27 Déc MEMOIRES (6)
Lecture d’un livre de Béatrix Dussane, que j’ai commandé sur Rakuten. Cela s’intitule J’étais dans la salle. Elle y fait la chronique des spectacles vus à la fin des années cinquante, au début des années soixante. Il y a quelques bonheurs de plume, des hypothèses de bon sens sur la vogue de Kafka ou d’Ionesco. Elle raconte sa découverte d’Ubu roi, au début du siècle. Chacune des interprétations de répertoire qu’elle décrit renvoie à une tradition, dont elle se veut la mémoire. Elle n’est pourtant pas réfractaire à des formes de théâtre plus modernes. Vertige du lien impossible, entre cette actrice qui débuta auprès de Mounet-Sully et cette spectatrice d’En attendant Godot. Elle suspend le temps passé de sa carrière, en se faisant l’arbitre des tendances récentes.
J’apprends grâce à elle que Marie Bell joua Clytemnestre, dans une Orestie montée par Jean-Louis Barrault. A moi qui croyais tout savoir de cette tragédienne que j’idolâtre, cela donne un nouveau vertige. C’est la rencontre entre une figure de diva, liée pour moi aux prestiges fanés du Boulevard et de la Comédie-française, et l’austérité instaurée par le règne des metteurs en scène. Je n’ose imaginer qu’il existe une quelconque captation de cette Orestie. Vérification faite, on en trouve deux versions de trois heures chacune, sur le site de l’INA (avec des scansions musicales de Pierre Boulez). J’écoute les tirades de Clytemnestre, me souciant peu du reste. Marie Bell joue cela dans la fureur, dans le feu, en modulant sa voix onctueuse pour déraper parfois vers des hauteurs incontrôlées. Sa technique n’est pas impeccable. Ses effets sont monotones. Elle est cependant applaudie, à chacune de ses sorties. Elle incarne, jusque dans ses scories, les splendeurs de la mère phallique.
Ces métaphores et ces mystères finissent un peu par m’ennuyer. En poursuivant mon écoute intermittente, je tombe sur un enregistrement qu’elle fit, en 1949, de La Marche nuptiale d’Henry Bataille. C’est beaucoup plus amusant. Il y avait là Jean Chevrier, Henri Guisol. Elle tient le rôle de Grâce de Plessans, une enfant de la grande bourgeoisie de province qui se mésallie avec son prof de piano. Même dans la pauvre mansarde où ils se réfugient, pour échapper aux rigueurs d’une famille qui l’a reniée, Marie Bell semble évoluer en robe de soirée. Veux-tu du lait ou de la bière ? Elle fait traîner ce dernier mot au delà du raisonnable. J’ai marché sur la traîne immense de ta robe. Ce vers d’Henry Bataille était, selon Aragon, le plus beau de la langue française. Je bifurque sur cet auteur 1900, dont j’ai aimé, à quinze ans, La Vierge folle, que j’enregistrais tout seul au magnétophone. Il y a chez lui un sadisme, et un lyrisme, qui font craquer les coutures du théâtre bourgeois où il s’illustra.

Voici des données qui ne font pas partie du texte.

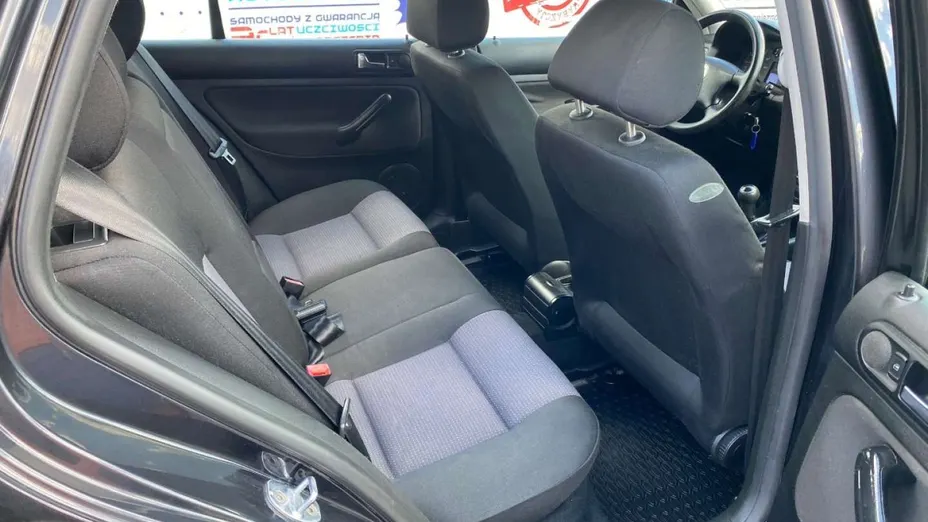 VOLKSWAGEN Golf -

Cette Marche nuptiale, Marie Bell l’avait jouée en 1939, à la Comédie-française. Je m’aventure sur Gallica dans la revue de presse de l’époque, où la pièce était déjà rejetée comme une vieillerie. Je songe que Pierre Dux, qui mettait en scène cette vieillerie, fut à son tour un vieillard saisi par le démon de la modernité. Je cherche, un peu partout, ces connexions folles entre passé et présent. Des signes, peut-être, que le temps n’existe pas. J’écoute une émission de France Culture d’il y a vingt-cinq ans, où un jeune homme exalté vante la “circulation du désir” chez Henry Bataille. Je le repère sur Facebook, je le demande comme ami, il m’accepte.

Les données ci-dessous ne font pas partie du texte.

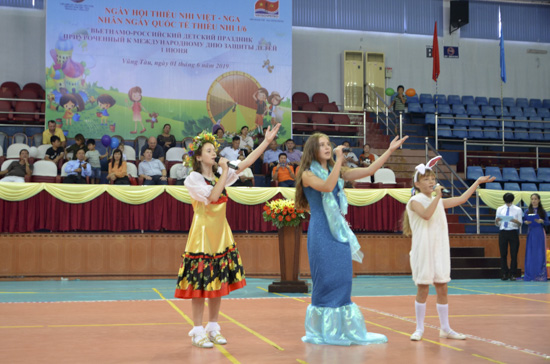 Thiếu nhi Nga với ca khúc “Đất nước nhỏ bé” tại Ngày hội.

Le soir tombe, je glisse dans une douce euphorie, aidée par le vin. Des voix masculines discourent de ce poète de l’enfance, et de la nostalgie. Son visage, dont il existe peu de photos, ne m’inspire guère. Ses vers, que je parcours sur des pages de morceaux choisis, sont marqués d’une emphase baudelairienne qui ne me convainc pas. C’est plutôt le processus qui me touche, le mouvement par lequel je m’approprie quelqu’un qui avait à peu près sombré dans l’oubli. Le fait que ce dramaturge, si enfoncé dans son époque, soit quand même un poète dont on fouille les cendres. Au fond de la forêt terrible de l’amour. C’est ainsi que s’achève l’un de ses poèmes, où il évoque le nom que nous donne qui nous aime. J’en frissonne.